**Supplied information:**
....................

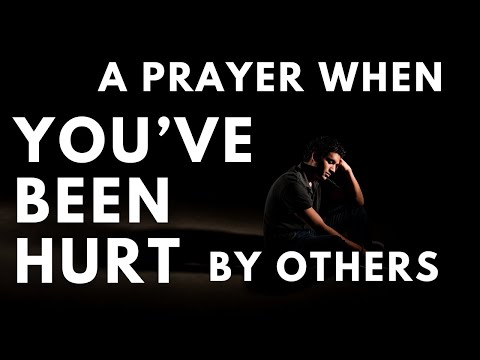 A Prayer for When You Have Been Hurt by Others | Your Daily Prayer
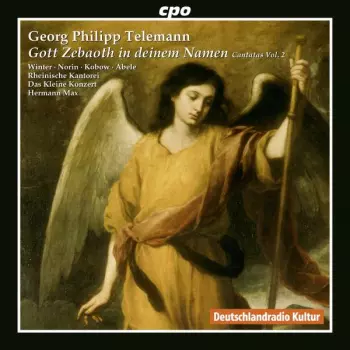 Gott Zebaoth In Deinem Namen (Cantatas Vol. 2)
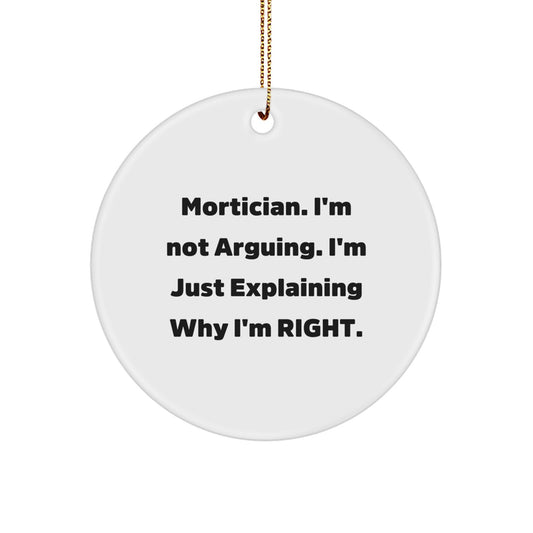 Mortician Humor Circle Ornament Gifts from Friends for Mortician, Funny Christmas Memorable Present - Image 1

....................

**Problem statement:**
Set down the full listing above with its wording unchanged. Leave out its images.

**Response for this exercise:**
 A Prayer for When You Have Been Hurt by Others | Your Daily Prayer
 Gott Zebaoth In Deinem Namen (Cantatas Vol. 2)
 Mortician Humor Circle Ornament Gifts from Friends for Mortician, Funny Christmas Memorable Present - Image 1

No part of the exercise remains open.